Since our kids were already crown wards at the time of adoption, we didn't have any legal issues to worry about.  Most of our challenges were around negotiating our relationship with our social worker, the foster parents and the kids themselves during the match and transition period.  We also adopted older kids who we wanted to very much have a say in choosing their forever family.  Then, once they moved in, we began the hard work of parenting and dealing with many of our kids' issues.  While this not likely your case, to contextualize issues kids who've been adopted through CAS may face, I always remind people that kids don't simply end up in foster care.  There's a really good reason why they're there.  We've dealt with attachment, behavioural and learning disabilities in addition to the emotional work our kids needed to do (and still need to do). 

 

The biggest piece of advice I have for prospective parents is to make sure you have a support network in place and I also like to flag for prospective parents to be on the look out for post-adoption depression.  I suffered from it, and at the time, it was only starting to be talked about and there was very little research out there.

 

 

post #6 of 6
Thread Starter 
Gum- I will do some research on post-adoption depression, as I have not heard of it.

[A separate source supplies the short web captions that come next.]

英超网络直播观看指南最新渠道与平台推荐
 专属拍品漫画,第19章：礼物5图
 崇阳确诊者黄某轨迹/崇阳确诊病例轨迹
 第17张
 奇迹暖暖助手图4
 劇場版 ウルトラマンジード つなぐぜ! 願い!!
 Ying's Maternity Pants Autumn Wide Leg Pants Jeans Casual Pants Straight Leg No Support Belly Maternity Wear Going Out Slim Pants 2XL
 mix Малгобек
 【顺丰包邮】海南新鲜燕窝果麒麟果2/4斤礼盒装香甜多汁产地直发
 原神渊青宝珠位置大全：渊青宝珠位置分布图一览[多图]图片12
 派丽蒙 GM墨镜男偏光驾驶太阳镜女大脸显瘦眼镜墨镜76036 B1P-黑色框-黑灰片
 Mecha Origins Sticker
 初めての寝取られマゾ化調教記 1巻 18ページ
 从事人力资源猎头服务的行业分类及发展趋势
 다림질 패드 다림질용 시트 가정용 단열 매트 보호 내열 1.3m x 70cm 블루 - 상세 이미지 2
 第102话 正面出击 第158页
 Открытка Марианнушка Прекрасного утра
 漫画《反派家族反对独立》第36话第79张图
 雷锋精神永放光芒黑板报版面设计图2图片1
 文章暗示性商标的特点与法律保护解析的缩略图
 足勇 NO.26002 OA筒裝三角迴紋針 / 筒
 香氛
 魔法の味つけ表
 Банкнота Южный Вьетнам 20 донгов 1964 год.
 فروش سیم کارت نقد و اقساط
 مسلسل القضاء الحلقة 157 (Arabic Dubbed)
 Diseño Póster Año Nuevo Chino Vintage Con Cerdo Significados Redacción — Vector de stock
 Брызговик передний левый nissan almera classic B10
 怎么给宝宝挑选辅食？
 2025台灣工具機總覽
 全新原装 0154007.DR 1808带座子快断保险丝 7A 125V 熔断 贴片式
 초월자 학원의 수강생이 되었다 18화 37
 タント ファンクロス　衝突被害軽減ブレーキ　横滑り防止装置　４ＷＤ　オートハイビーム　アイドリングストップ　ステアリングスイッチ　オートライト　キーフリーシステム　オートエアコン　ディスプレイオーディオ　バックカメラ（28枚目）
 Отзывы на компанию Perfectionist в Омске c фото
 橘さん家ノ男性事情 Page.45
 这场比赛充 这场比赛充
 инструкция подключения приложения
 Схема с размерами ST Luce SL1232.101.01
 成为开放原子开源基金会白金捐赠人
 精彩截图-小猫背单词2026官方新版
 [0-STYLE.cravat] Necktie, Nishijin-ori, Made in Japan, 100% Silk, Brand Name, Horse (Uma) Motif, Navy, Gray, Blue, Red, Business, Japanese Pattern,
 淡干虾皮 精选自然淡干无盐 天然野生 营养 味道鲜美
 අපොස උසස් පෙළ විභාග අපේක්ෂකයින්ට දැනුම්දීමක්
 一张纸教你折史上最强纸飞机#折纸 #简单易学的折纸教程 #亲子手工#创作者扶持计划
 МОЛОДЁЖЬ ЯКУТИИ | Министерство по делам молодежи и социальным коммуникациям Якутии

It sounds like an important piece to know about before the adoption takes place. DP and I have been aware that we are sensitive beings and tend to be affected on this level, we will plan accordingly.
As far as a support network, most of our friends are having sperm donor babies or have already adopted. I think we will have many resources for asking questions and planning visits. What other kind of support or network do you think is important to have when adopting?
I've been reading adoption books and autobiographical stories, but so far haven't come across any that really speak to me. I thought "The Kid" was super funny yet heart felt.